Although both the Jews and the Samaritans were descended from Abraham,
Isaac, and Jacob, the Jews of Judea were so certain
that the Samaritans were unclean in the eyes of God that they would not
eat with them - or even draw water from the same wells
- and the Jews and Samaritans disliked each other intensely.
The Samaritans thought the Judeans had been corrupted by their captivity in Babylon, incorporating Babylonian ideas into the Hebrew practice the Samaritans had followed since the time of Joshua.
The only two groups of people in the
whole world who worshiped the One God had become strangers, and then enemies.
But Jesus told his followers to witness to both the people of Judea, who
followed every law carefully, and to the people of Samaria, whom the Judeans
hated bitterly, at the same time!
He gave clear instructions to witness to the know-it-alls, the self-righteous, the strangers, the enemies, the tyrants, and the oppressors - all at once. Can we find ourselves in this list?
1. Even after Jesus' death, the disciples were still expecting him
to overthrow the Roman government and to establish a Jewish government instead.
What did they ask him?
[The disciples asked, "Lord, is
this the time you will restore the kingdom to Israel?"]

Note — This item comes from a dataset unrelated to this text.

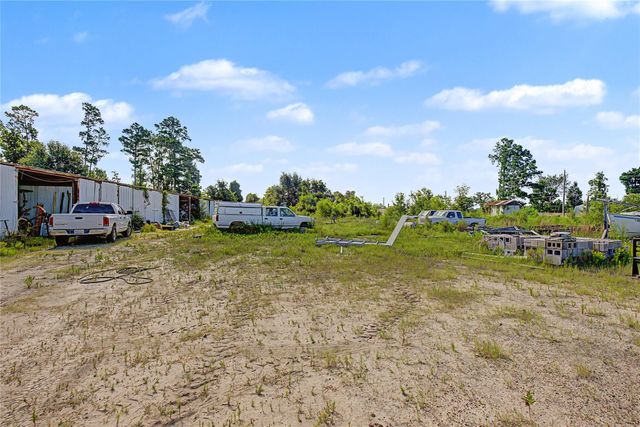 776 Yaupon Cove Drive, Onalaska, TX 77360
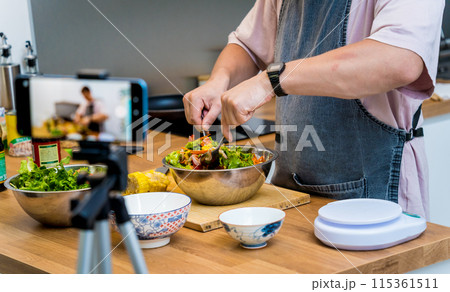 The chef is broadcasting live from workshop how to prepare a spicy glass noodle salad 115361511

2. What did Jesus promise to the disciples instead?
[Jesus promised that the Holy Spirit
would come upon them.]
3. What did the disciples do while Jesus was lifted up in a cloud
into heaven?
[The disciples watched him rise up in
the cloud.]
4. Who suddenly appeared to the disciples?
[Two men in white robes suddenly stood
by the disciples.]
5. What did the men say to the disciples?
[The men said, "Men of Galilee, why do you stand looking up toward heaven?]